Aug. 13, 2001
Perry pushes fast track for widening Katy Freeway
Associated Press, via the Houston Chronicle
It's called the Katy Freeway, but to the thousands of west Houston motorists who jam it every day, other four-letter words might come to mind.
That commuter cursing might be history by 2009 if Gov. Rick Perry and local officials get their way on an expedited widening program,
which Perry hopes is one of many major Texas mobility projects to get green lights soon.
"I have sat in that dreadful rush hour traffic the people of Houston experience routinely, even on weekends," Perry said today.
"It is time that commuters saw a little light at the end of the tunnel."
The $952 million reconstruction of the Katy Freeway, a 20-mile stretch of Interstate 10 running from the West Loop freeway westward to the
city of Katy, is set to begin in 2003. Today Perry requested fast-track funding for the project from the Texas Transportation Commission.
With commission chairman John W. Johnson on hand for Perry's announcement,
the three-member board is expected to grant the governor's wish at its Aug. 30 meeting.
"The Katy Freeway is west Houston's main street," said U.S. Rep. John Culberson, the Republican who made improving the highway a major
plank in his campaign last fall. Culberson, a freshman member of the House Transportation Committee,
has pledged to make sure federal money is available.
Perry said the Clinton administration punished largely Republican Texas when it came to highway funds, a trend he was confident will reverse
under homegrown President Bush.
"The good news is that we have a president who understands the needs of Texas," Perry said.
"Texas has not gotten its fair share over the last eight years.
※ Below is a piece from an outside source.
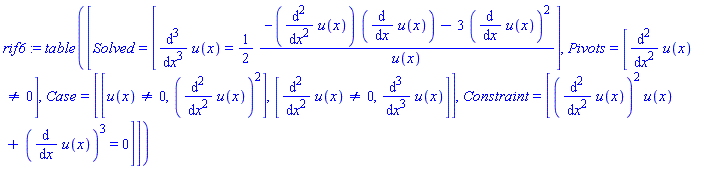 rif6 := TABLE([Solved = [diff(u(x), `$`(x, 3)) = (1/2)*(-(diff(u(x), `$`(x, 2)))*(diff(u(x), x))-3*(diff(u(x), x))^2)/u(x)], Pivots = [diff(u(x), `$`(x, 2)) <> 0], Case = [[u(x) <> 0, (diff(u(x), `$`(x, 2)))^2], [diff(u(x), `$`(x, 2)) <> 0, diff(u(x), `$`(x, 3))]], Constraint = [(diff(u(x), `$`(x, 2)))^2*u(x)+(diff(u(x), x))^3 = 0]])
We have clearly been discriminated against in
(U.S. Transportation Department) discretionary funding that an administration has control over."
Another funding mechanism might be Harris County Judge Bob Eckels' plan to incorporate a toll road alongside the Katy Freeway, though the current plan does not rely on toll proceeds.
Houston's smog problems might curtail other area road projects, Eckels said, but he and others said the Katy expansion is actually seen as a smog-reducer because vehicles will spend less time on the road.
"A lot of the pollution we have now is the result of those cars sitting on those freeways," said Bill Marshall, mayor of Bunker Hill Village, one of six small communities on the eastern end of the project that have negotiated proposed land seizures needed for the widening.
Though the Katy Freeway construction should proceed with or without the expanded range of highway funding set forth by Proposition 15, Perry said other projects around the state might benefit from the November ballot issue, which allows bond-financed construction by a "Texas Mobility Fund."
"Under our current system of highway funding, when the state commits to build a stretch of road in a metropolitan area, funding is authorized slowly over a number of years," Perry said. "It's time we allow innovative financing for highways as a fiscally responsible way to build the transportation infrastructure we need more quickly."
Perry also promoted Proposition 2, aimed at improving roads in border colonias.